Sen. Arlen Specter (R-PA) introduced a 300-page draft immigration and border security bill on Friday, the Comprehensive Immigration Reform Act of 2006, which will be taken up by the Senate Judiciary Committee in March. The full draft legislation is available here, and stories in the New York Times, Orange Country Register, Los Angeles Times, Sacramento Bee, and the Washington Times provide an outline of its contents.
The contents of the bill include:
- A guest worker program, allowing participants a maximum of two three-year work stints in the U.S., with no right to permanent residency or citizenship;
- No authorization of funding for a Mexican border fence, but instead a call for a study of border fencing;
- A new workplace enforcement program, consistent with the House bill;
- Expanded funding for border agents and border technology;
- A student visa category for foreign students studying engineering and the sciences, allowing them to stay for a full year after graduation while seeking employment in the U.S.;
- A provision to allow indefinite “conditional work status” to illegal immigrants who were in the U.S. prior to January 2004.

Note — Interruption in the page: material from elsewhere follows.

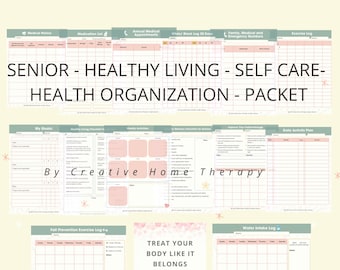 Senior gezond leven zelfzorg instant download pakket van 15 pagina's. Pakket voor onafhankelijke senioren of ouderen voor gezondheidsbeheer.
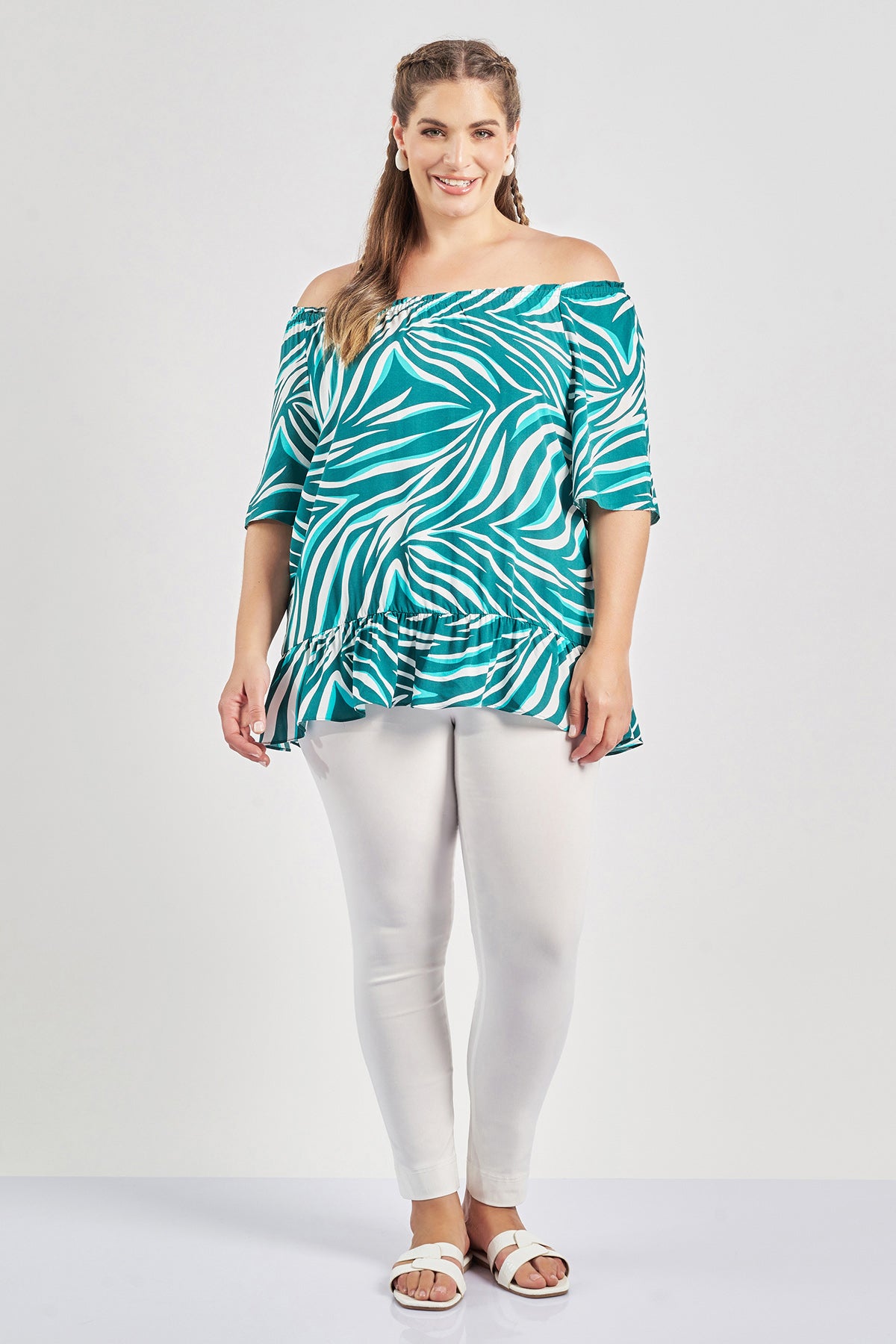 Off-shoulder tropical print viscose blouse with ruffle - Green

This bill has already received a poor reception by many supporters of the House bill; Rep. Tom Tancredo (R-CO) promptly trashed it in this news release. And it has been criticized by many immigrant advocacy groups who argue that a guest worker program would create a permanent underclass, akin to the Turkish Gastarbeiter in Germany. But it’s received a generally solid (if somewhat lukewarm) response from Specter’s fellow senators, who recognize the extent to which this is an attempt at a compromise between many competing perspectives. And it satisfies the White House’s strong interest in a guest worker program.
The Judiciary Committee will take up the draft bill on Thursday. As I’ve noted previously, there’s still a long way to go in the process of passing a border bill. I’d say we’re now in the fourth inning.